I stop at the threshold for half a beat, still in my suit, because I don’t have anything else and I’m not sure how Erica would feel about me walking around her house in boxer briefs.

I nudge the door open with my knuckles and step in.

Erica is in bed, duvet pulled up to her neck like armor, reclined against her pillows with her phone in her hand. The second she sees me, she locks the screen and hugs it to her chest like I caught her doing something she shouldn’t.

Her face goes red fast.

Interesting.

I shut the door behind me and lock it—habit—and keep my movements deliberate as I cross the room. The lamp throws a soft glow over everything, blurring the edges, making the space feel smaller and more intimate.

“What were you doing?” I ask casually, like I don’t care.

She clears her throat. Doesn’t meet my eyes.

“Nothing.”

That makes me want to smile. I don’t.

Her gaze flicks down my suit like she’s clocking it for the first time, and then she winces, the apology already forming.

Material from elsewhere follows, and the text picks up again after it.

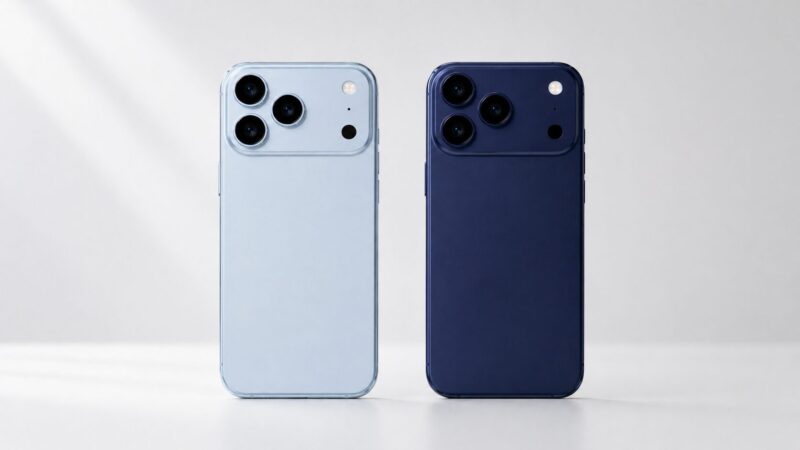 ミストブルー風の淡い青とディープブルー風の濃い青のスマホカラー比較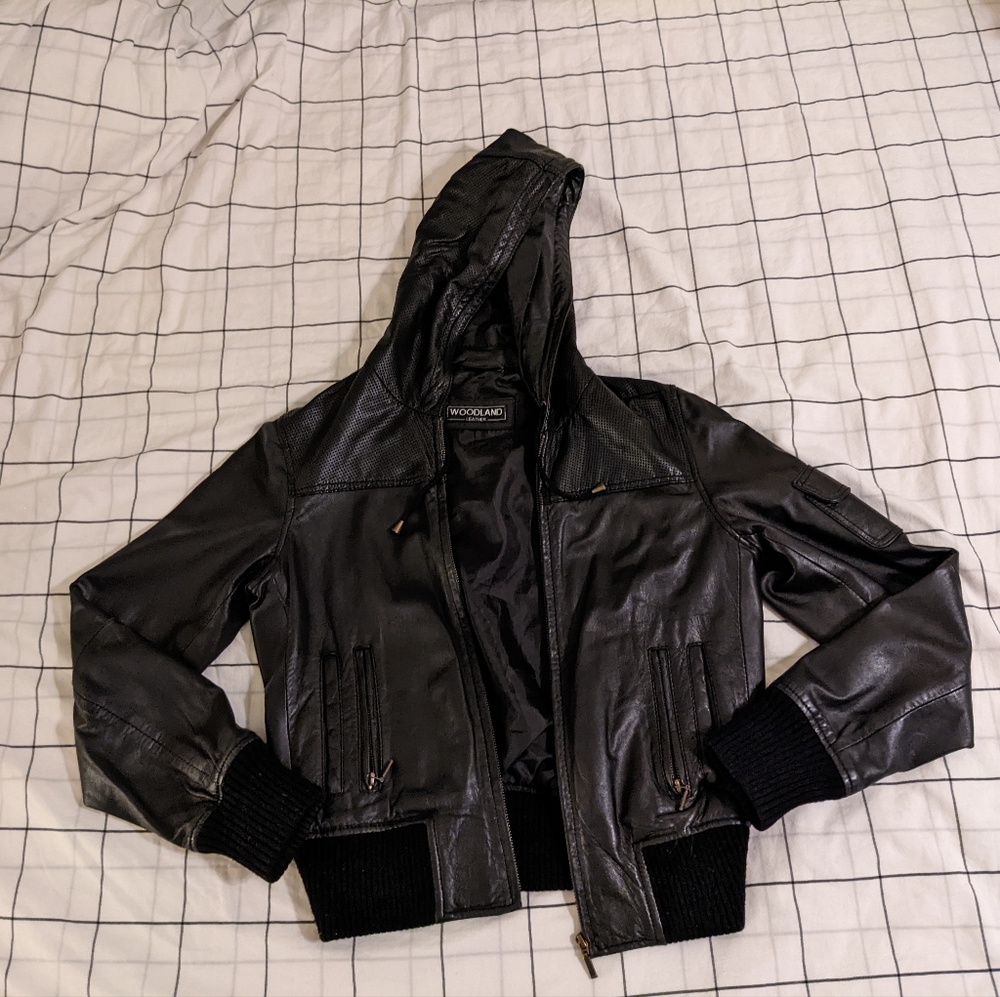 Real Leather Bomber Jacket with Hood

“I’m sorry,” she says. “I—I don’t have anything that would fit you.”

“I know,” I answer.

It’s not the first time I’ve had to make do. If I didn’t suspect she’d be uncomfortable, I’d strip down, get into bed, and call it a night.

But I have a feeling that wouldn’t go over the way I’d like. Or maybe it would, and I should just do it.

I glance at the bed again—big, at least. Big enough, tall enough, that I can actually fit. I had a moment earlier where I pictured some narrow college mattress, and her practically on top of me out of necessity.

It would’ve been highly appealing.

I step to the chair in the corner and start with my shirt, unbuttoning the rest of the way. The cool air hits my skin.

Erica takes a quick, sharp breath.

Not loud.

But I hear it.

In the mirror above the dresser, I see her eyes drop down to her phone like it’s suddenly urgent.

I don’t comment.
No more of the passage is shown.